Nordkorea: Schlag ins Wasser

Der gescheiterte Test einer Langstreckenrakete kratzt sehr am Image des neuen Machthabers in Nordkorea.

Es war vielleicht doch keine gute Idee von Nordkorea, 70 ausländische Journalisten einzuladen, um einen Raketenstart zu beobachten. Auf diese Weise konnten sie in dem sonst so abgeschotteten Staat am Freitagmorgen eine fürchterliche Blamage bezeugen. Der BBC-Korrespondent Damian Grammaticas twitterte aus der Hauptstadt Pyöngyang: „Sind gerade in einer bizarren Situation. Unsere nordkoreanischen Aufpasser bitten MICH, IHNEN zu erzählen, ob die Rakete gestartet worden ist. Die ist schon vor vier Stunden hoch, aber sie haben keine Informationen darüber.“

Inzwischen dürften es auch der letzte Aufpasser erfahren haben: Der Raketenstart, der den Höhepunkt der Feierlichkeiten am Sonntag zum 100. Geburtstag des Staatsgründers Kim Il Sung bilden sollte, ist für den stalinistischen Staat zu einem peinlichen Debakel geworden. Nach nur knapp zwei Minuten ist die Trägerrakete in 20 Teile zerborsten und 165 Kilometer südwestlich der südkoreanischen Hauptstadt Seoul ins Meer gefallen. Das südkoreanische Militär sucht nach den Trümmern, es erhofft sich davon Aufschluss über den Stand der Technik und die Art der Rakete. Bis zuletzt bestand Nordkorea darauf, den Beobachtungssatelliten „Glänzender Stern“ ins All geschossen zu haben. Die USA, Südkorea und Japan hingegen werteten den Start als verbotenen Test einer Langstreckenrakete.

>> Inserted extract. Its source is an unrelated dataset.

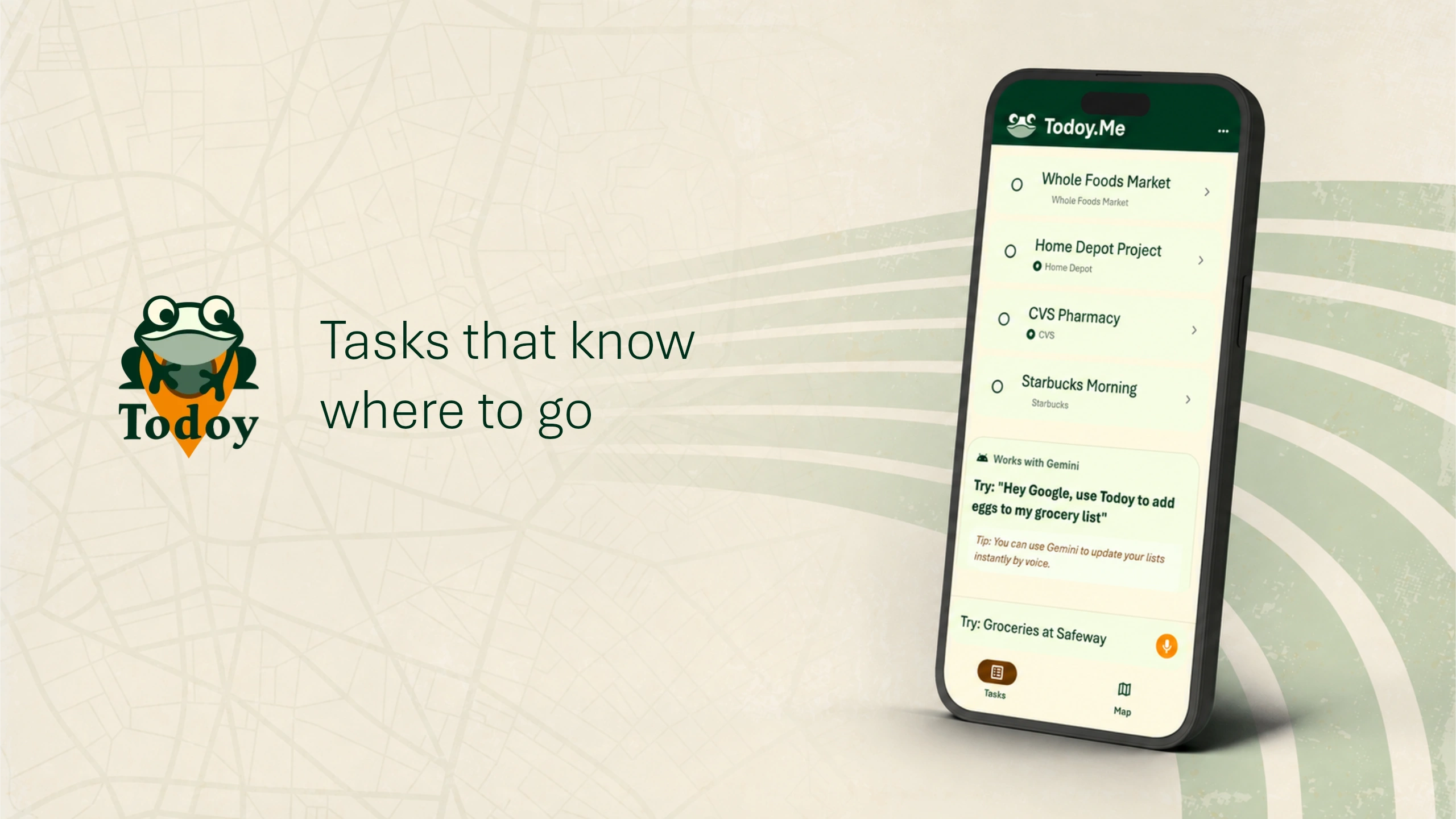 Todoy.me: Tasks that know where to go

Nordkorea verärgerte auch seinen wichtigsten Verbündeten China, der bis zuletzt versucht hat, Kim Jong Un von seinem Vorhaben abzubringen. Zhang Liangui, Professor an der Pekinger Parteihochschule, sagte der Nachrichtenagentur dpa: „Die Nordkoreaner können nicht machen, was sie wollen, sich nicht um internationale Besorgnisse kümmern und keinen Rat annehmen.“ Der Sprecher des chinesischen Außenministeriums beließ es dabei, alle Parteien zur Besonnenheit zu mahnen.

Kim Jong Un
Kim Jong Un

© dapd

Der Fehlschlag bedeutet einerseits, dass Nordkorea noch nicht über die Technologie verfügen dürfte, um mit seinen Raketen entfernte Ziele wie die USA zu erreichen. Der Test hat dem Programm sogar einen Rückschlag beschert: Vor drei Jahren war die Trägerrakete nach dem Zünden der zweiten Stufe immerhin 3800 Kilometer weit geflogen, ehe sie ins Meer stürzte. Diesmal explodierte bereits die erste Stufe. Dennoch ist durch den Fehlschlag die Gefahr für die Region sogar gestiegen.

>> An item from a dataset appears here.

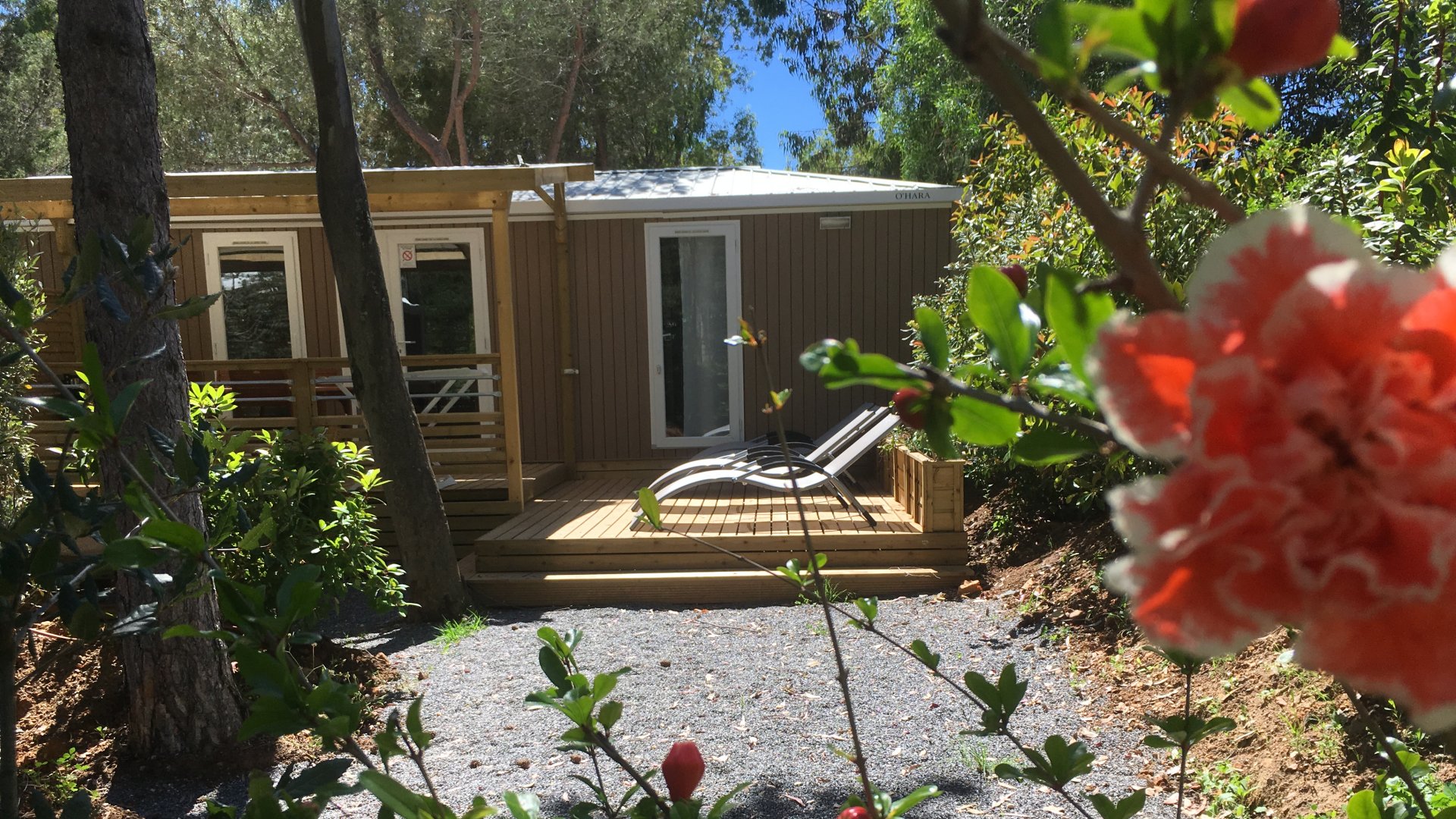 Verhuur van luxe stacaravans op camping in Zuid-Frankrijk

Nordkorea steht unter großem Druck, seinem Volk und der Welt seine Stärke beweisen zu müssen. Nordkoreas neuer Führer Kim Jong Un könnte versuchen, die Blamage mit einem Atomtest wettzumachen, sagte Cheng Xiaohe, Professor für internationale Beziehungen an der Pekinger Volksuniversität der dpa: „Die Erfolgsrate eines Atomversuchs ist höher, weil es der dritte Test wäre.“ Im Gegensatz zu einem Raketenstart sei es auch schwieriger zu beurteilen, wann ein solcher Test ein Fehlschlag sei. Satellitenbilder zeigen bereits mögliche Vorbereitungen für einen atomaren Test der Nordkoreaner in Punggye-ri, dem Ort der bisherigen zwei Testversuche. Und: Auch 2009 ließ Kim Jong Il unmittelbar auf den Absturz der Trägerrakete einen Atomtest folgen.

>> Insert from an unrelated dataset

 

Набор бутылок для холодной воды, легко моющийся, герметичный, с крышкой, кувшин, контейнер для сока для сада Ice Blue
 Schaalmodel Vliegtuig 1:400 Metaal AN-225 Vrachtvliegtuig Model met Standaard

Kim Jong Un hat sich auch bisher exakt an das gehalten, was ihm sein im Dezember verstorbener Vater vorgemacht hat. Der am Mittwoch zum Generalsekretär der Arbeiterpartei gekürte unerfahrene Führer scheint sich ebenfalls auf Provokationen der Internationalen Gemeinschaft wie Raketenstarts und Atomtests verlassen zu wollen, um die Macht der Volksrepublik zu demonstrieren. Er scheint auch die Songun-Philosophie des Vaters weiterzuverfolgen. Diese besagt: Das Militär zuerst. Das hungernde Volk rangiert weiter hinten, wie der 850 Millionen Dollar teure Raketenstart beweist. Mit diesem Geld hätte Kim Jong Un die 19 Millionen Nordkoreaner nach Angaben der „Korean Times“ ein Jahr lang ernähren können. Doch der noch nicht 30 Jahre alte Kim Jong Un muss sich in der mächtigen, überalterten Militärführung beweisen.

Aktuell ist das freilich gründlich fehlgeschlagen. „Stärke und Wohlstand“ hatte Kim Jong Il vor seinem Tod dem Volk zum 100. Geburtstags seines Vaters versprochen. Spötter behaupten nun, dass es der Rakete durch den Absturz mehr als eindrucksvoll gelungen ist, die aktuelle Stärke Nordkoreas darzustellen.